Hannah Park, Lower School Principal, adds, “With the addition of schoolwide STEAM coordinator Jonathan Woods, we are able to coordinate our STEAM efforts across the board.” This seamless connection is an advantage to students at SFC.

Todd Deveau, Middle School Principal, continues, “Jonathan’s role is varied – we are looking for curriculum development in terms of integration with our current curriculum, looking for opportunities to bring in more STEAM, and working with teachers to do that.” Mr. Hannan continues, “The connection between schools is an incredible strength and great position because we are able to have conversations that align what we’re doing and where we’re going.”

Looking Ahead
Working with the local San Diego business community is a benefit to our students.
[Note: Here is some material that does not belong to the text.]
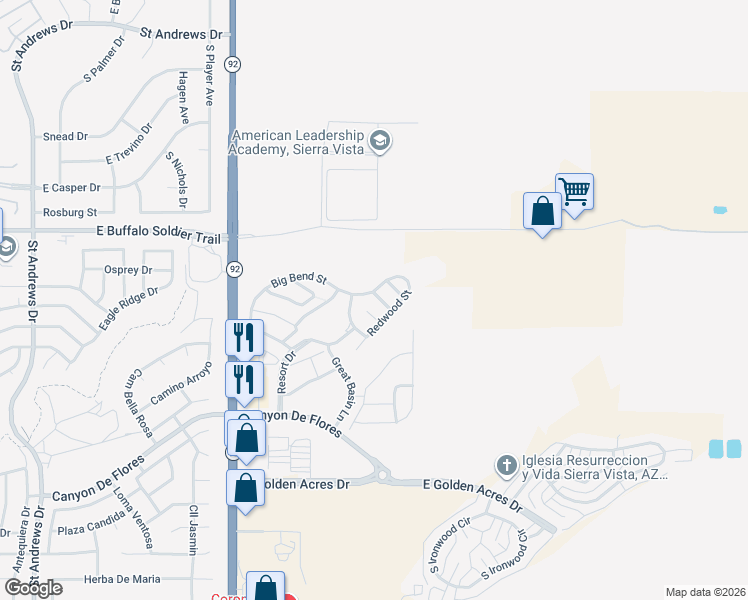 map of restaurants, bars, coffee shops, grocery stores, and more near 3310 Yosemite Court in Sierra Vista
Teachers can connect students to career options as well as open the door to future partnerships with business and industry. The best resource is the SFC parent community, many of whom work in STEAM careers. Corporations such as NuVasive and Qualcomm work to engage kids in the STEAM fields.

Partnering with SFC, NuVasive offers a way to engage students in real-life activities. On one particular field-trip guided by NuVasive educators, students installed surgical instrumentation, removed a cartilaginous intervertebral disc and prepared the intervertebral space for the NuVasive interbody implant and installed the spinal device. This field trip exposed students to career opportunities in medicine, the allied health professions and medically related business ventures. Mr. Hannan goes on to explain, “We are a comprehensive high school and work to provide it all. STEAM is not our only focus. In reality, you can be the most brilliant physicist in the world, but if you cannot write a sentence and communicate your ideas well, no one will listen. So we must have kids who are writers, speakers, thinkers and mathematicians.” He continues, “It’s the whole package. At the same time, we want to build kids that have solid Christ-like behavior and problem-solving skill sets and abilities to navigate whatever field they go into. That’s a critical piece.

Building the Future of Education
Today’s students have the benefit of using technology to access new ideas, gain global perspectives and to personalize their learning. A myriad of new technology resources help educators make their classrooms more interactive by connecting students to new ideas, challenges and resources in order to deepen their learning in class.